Projected Expenditure on Government's Pursuit of Global Leadership in Growth Areas and AI-empowered Economy
2026-02-12 · Parliament 15
MPs questioned the government's budget plans to push AI economy and global leadership, and probed whether a state-owned AI corporation should be set up to protect data sovereignty and the public interest. The government responded with National AI Strategy 2.0, emphasising data security, technical performance, and international cooperation. The core debate: how to prevent global tech giants from dominating Singapore's AI market, avoid data leakage and tech dependency, and regulate foreign use of public data including how returns are shared.
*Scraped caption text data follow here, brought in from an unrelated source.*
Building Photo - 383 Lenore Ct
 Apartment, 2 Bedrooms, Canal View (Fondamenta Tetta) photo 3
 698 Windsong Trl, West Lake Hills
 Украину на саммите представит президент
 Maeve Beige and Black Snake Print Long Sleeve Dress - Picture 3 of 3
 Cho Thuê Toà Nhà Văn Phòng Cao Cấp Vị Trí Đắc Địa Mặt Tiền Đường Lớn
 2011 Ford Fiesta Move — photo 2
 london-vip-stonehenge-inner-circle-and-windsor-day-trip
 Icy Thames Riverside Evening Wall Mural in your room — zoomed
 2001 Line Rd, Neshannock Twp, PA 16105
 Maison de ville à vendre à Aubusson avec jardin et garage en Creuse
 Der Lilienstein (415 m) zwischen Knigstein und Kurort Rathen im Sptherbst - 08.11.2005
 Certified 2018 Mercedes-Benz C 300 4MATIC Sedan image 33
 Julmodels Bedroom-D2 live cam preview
Committee of Supply – Head Q (Ministry of Digital Development and Information)
2025-03-07 · Parliament 14
MPs asked about digital infrastructure resilience and security safeguards, focusing on cloud and data centre security guidelines. The government emphasised the strong growth of Singapore's digital economy and the issuance of guidance to lift infrastructure security, ensuring digital transformation is sustainable and inclusive. The core debate: how to further strengthen infrastructure against round-the-clock operational risks.
Progress of Developing IT and AI Professionals through Career Conversion Programmes
2024-11-13 · Parliament 14
An MP asked about progress over the past three years in developing IT and AI professionals through Career Conversion Programmes, plus plans for the next three to five years. The government cited training results from SkillsFuture and CCPs, emphasising expanded mid-career training and industry partnerships. MPs focused on the gap between current AI professional numbers and targets, and on private-sector participation — reflecting the core debate over training scale versus targets.
Committee of Supply – Head Q (Ministry of Communications and Information)
2024-03-01 · Parliament 14
MPs asked how Singapore will strengthen digital infrastructure and talent development in the AI era, stressing that AI brings both opportunity and risk and that humans must remain in control. The government replied that it will keep stepping up investment, drive National AI Strategy 2.0, lift network speeds and compute, and safeguard digital trust. The core debate: balance between tech progress and safety/ethics, and whether investment is sufficient.